The night after Boxing Day, before heading to the vibrant district of Můstek and start another night of local beers and cheap vodka, I was looking for an open restaurant around Prague’s main train station. Just like most other cities in Europe during these holiday days, it was difficult to find food and I had to get lost in the city alleys in order to find something quick.
This was also the very first time I found a car license plate. Just lying on the sidewalk, I saw a solitary and in very good shape Czech license plate. Without an owner on the sight and being seen by most people as simply trash, I decided to take it back home and keep it as a souvenir – 10 years later, this late Christmas present turned into one of my favorite collecting objects when traveling.
A very rewarding collection
Today I have original car license plates from all 5 inhabited continents and around 15-20 different countries. Unlike most souvenirs a traveler can get abroad, I can’t simply buy original license plates at the airport duty free or find them on the street.
This is one of the most difficult collections a traveler can do and beside some skills and basic knowledge about the politics of the country, you simply need luck.

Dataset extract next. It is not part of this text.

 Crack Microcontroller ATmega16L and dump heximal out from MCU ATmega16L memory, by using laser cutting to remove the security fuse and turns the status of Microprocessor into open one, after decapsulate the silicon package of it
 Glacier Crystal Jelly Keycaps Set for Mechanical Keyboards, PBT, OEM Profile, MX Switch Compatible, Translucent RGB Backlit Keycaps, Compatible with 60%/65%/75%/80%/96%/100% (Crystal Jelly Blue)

At the same time, this is also one of the most rewarding collections a traveler can have. “Collecting a license plates means bringing home a little piece of a country’s history”, said to me the owner of an antique shop in Asunsion, Paraguay, some years ago.
Read more: BBC News – The man with 7,000 license plates
Where do I find these license plates
Depending on which country you are, getting a car license plate to take home can be as easy as getting a postcard, or as complicated that you have to do calls for several days.

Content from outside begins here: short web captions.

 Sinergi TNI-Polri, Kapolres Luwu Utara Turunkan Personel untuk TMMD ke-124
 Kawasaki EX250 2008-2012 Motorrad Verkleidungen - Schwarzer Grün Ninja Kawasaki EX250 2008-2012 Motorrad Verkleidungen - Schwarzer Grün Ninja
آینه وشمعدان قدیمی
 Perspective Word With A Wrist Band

While in countries like Panama or Bahamas I could simply buy them at souvenir shops or local markets, in the tiny archipelago of Palau I had to register a non-existent car and wait a couple of hours in an office.
These are some of the most common places to get an original license plate as a souvenir:
Souvenir shops and local markets
Due to its myriad of colors or beautiful designs, old and invalid license plates are considered a souvenir for travelers passing by in some countries. You can easily find them easily for anything between 5 and 20 EUR and you can probably even select between different cities, states, styles or even shapes.

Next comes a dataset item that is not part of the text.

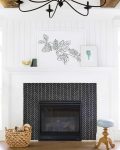 Herringbone Fireplace Tiles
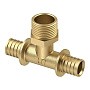 Тройники латунные для PEX труб DN 16-32 PN 16 под надвижную гильзу с наружной резьбой РосТурПласт купить в Волгограде | "Проконсим"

I’ve found the license plates of Panama, Mexico, Canada and Bahamas at souvenir shops in large cities.
NOTE: In Germany’s Christmas markets you can almost always find US license plates being sold.
Antique shops and flea markets
This is usually a safe choice when the license plates belong to the owner of the car and not the state. I have seen almost every EU license plate at Berlin’s flea markets and got most of my South American license plates that way.
Unlike a souvenir shop, license plates at antique shops tend to be more expensive and sometimes even in worst condition.
Insider Tip: At the Sunday flea market of Montevideo, I saw license plates from all South American countries at a very reasonable price.
The simplest choice is sometimes the right one. Junkyards are usually a good place to ask and check out once you can’t find a license plate at the 2 other places mentioned. They usually have lots of abandoned vehicles and there is always one person who left the license plate there. Depending on the country, getting a license plate in a junkyard can be as cheap as for free and as expensive as the owner of the junkyard wants to ask.
In countries like USA getting a license plate from a Junkyard is not an issue. If you are politely and the owner is in good mood, there is a very big chance you will just get it for free.
Once the above options don’t work, asking the police is a very quick and easy way to find out if its possible to get an original license plate or not. People at the police stations are usually very friendly and like to be helpful.
Even though they might not give you a license plate for you to keep, they might tell you exactly how to get one: write a letter to some department, drop by at the transport ministry or like in my case in Palau, help me registering an inexistant car, so I can keep the plate and bring it back home
Ask a local fixer or tour guide
While police officers will help you to get an original car license plate in a more bureaucratic way, local tour guides will do everything to get you one.
They will negotiate with junkyard owners, ask friends and family and sometimes they go as far as give you their own plates.
While my driver in Honduras got me a license plate within one week after I asked him and who knows where it was from, my tour guide in Mauritania and my driver in Jamaica gave me theirs.
It is funny to think that two of my 30-something license plates were found on the street and without reason whatsoever. But sometimes you are just lucky. Maybe if you pay more attention to your surroundings, you might find a plate in a street corner, traffic light or trash area or simply on the sidewalk.